No recuerdo si fue Francisco Otero o José Antonio Abella o Ignacio
Sanz quien la lanzó, como quien arroja una golondrina y con ello anuncia la primavera: el diario como una especie
de diálogo con la cultura, con otros escritores, el diario como espacio
propicio para las meditaciones que puedan surgir tras la lectura.
Uno, como aficionado a leer diarios (nunca sabré si lo escribo porque me gusta leerlos, o bien me gusta leerlos, porque siempre he querido
escribirlo), acaba por encontrar en casi todos ellos esa charla. Con más o
menos asiduidad, pero casi siempre aparece.

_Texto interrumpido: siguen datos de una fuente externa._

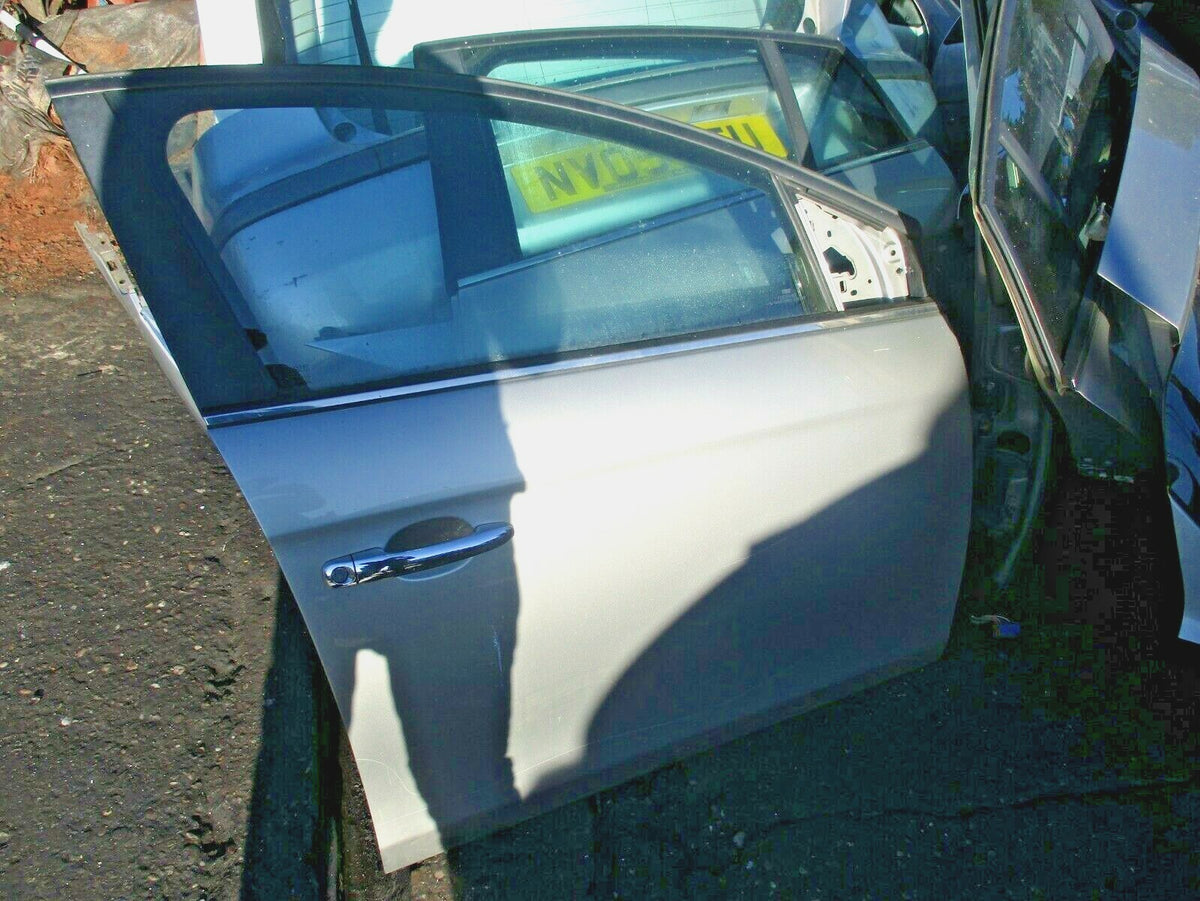 FIAT BRAVO MK2 5 DOOR OSF DRIVER SIDE FRONT COMPLETE DOOR 272/B AVORIO VANITOSO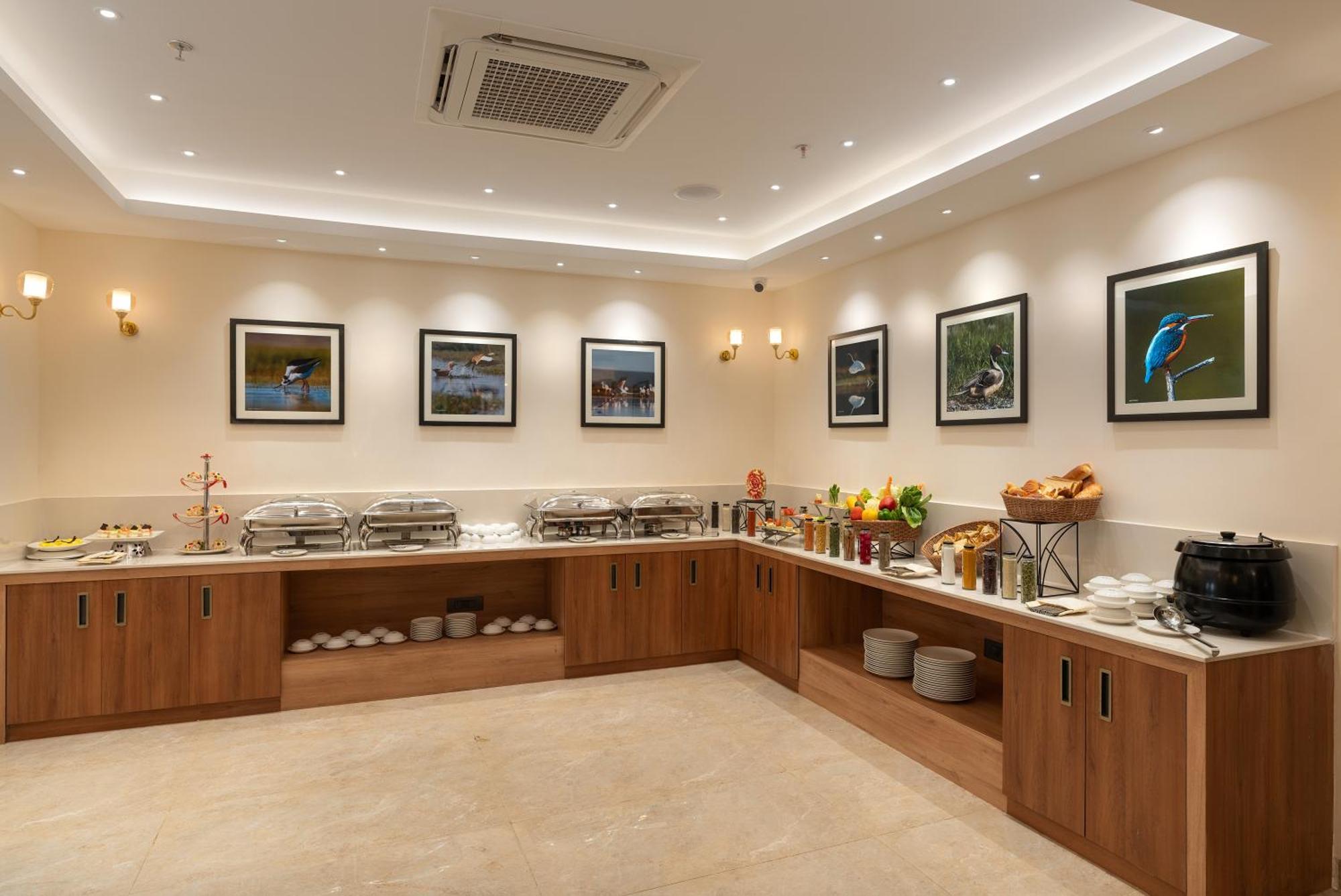 Cozzet Victoria Hotel Bhubaneswar Dış mekan fotoğraf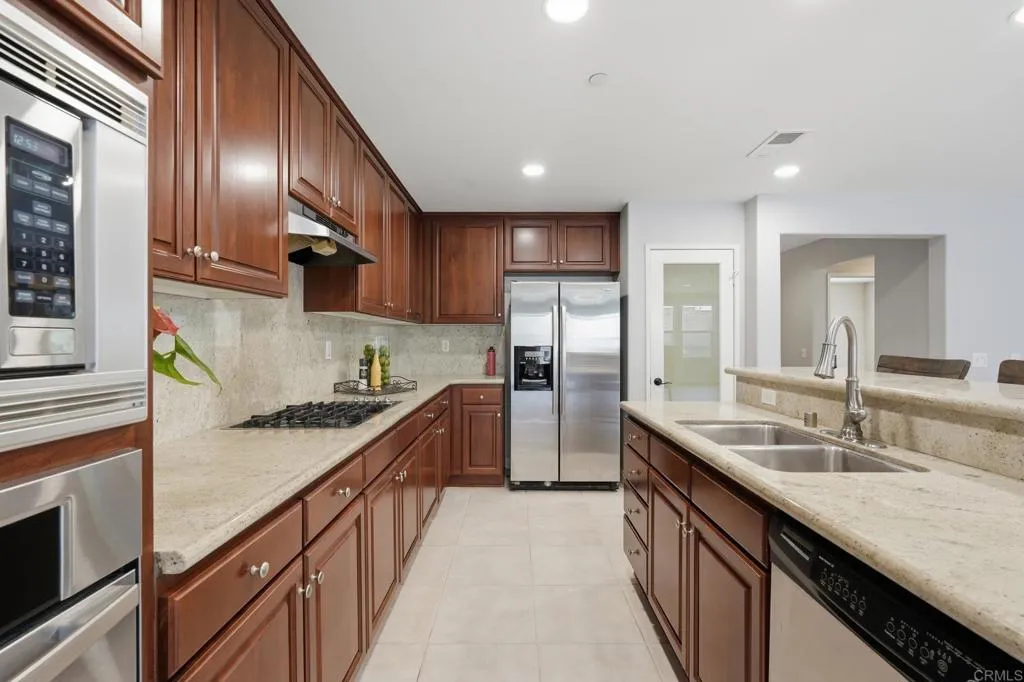 https://cdn.realtyfeed.com/cdn/127/306627618/bfa182da00d1efcc51b083a7451013ba.webp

En algunos casos (pienso, por ejemplo, en TRR o en JSM) llega a ser tan honda
esta conversación con otros escritores que los autores no son meros nombres que ocuparon una vez un territorio en este planeta, sino que gozan de mejor salud que nosotros
mismos. Al leerlos pareciera que Platón, Montaigne, Anaximandro, Cervantes, JRJ... fueran a tomarse un güisqui o un cafelito con ellos en cualquier momento…
Y esto me lleva a otro lugar.
Me lleva, probablemente, a un punto esencial:
¿Cómo leo? No tanto, qué leo, sino cómo leo. Mientras no lo haga
con la misma intensidad atenta con la que se escucha a los amigos, no estaré
leyendo como es debido.
El joven dentista manejaba sus herramientas como un
fresador o un mecánico. Uno procuraba una especie de escisión de sí mismo,
intentaba dejar las sensaciones molestas en el reducto bucal y procuraba que el
resto siguiera a lo suyo. Pero la tarea, ciertamente, no ha sido sencilla. Tampoco para él, que ha acabado medio sudoroso.
También se dijo allí (ahora estoy seguro de que fue Abella) que la
literatura es una enfermedad. Una enfermedad a veces luminosa. Una enfermedad
que tiene dos síntomas: lectura y escritura. Y, en el caso de quien pretende
escribir, si no tiene los dos síntomas, sobre todo el primero, no hay nada que
hacer.
Si uno quiere vivir, necesita comer; si uno quiere escribir, es
imprescindible leer. Quizá en el fondo, el silencio de la conversación del que
hablaba ayer —en el caso del escritor— no sea otra cosa que la lectura atenta,
la lectura con preguntas.
Sobre todo cuando ha llegado a la cuadrante
inferior derecho, la sensaciones han sido algo más que sensaciones. Mantenerse ajeno
no era tarea fácil. De hecho que algunos músculos —a pesar de mi voluntad— se
han tensado y se han contraído más de la cuenta.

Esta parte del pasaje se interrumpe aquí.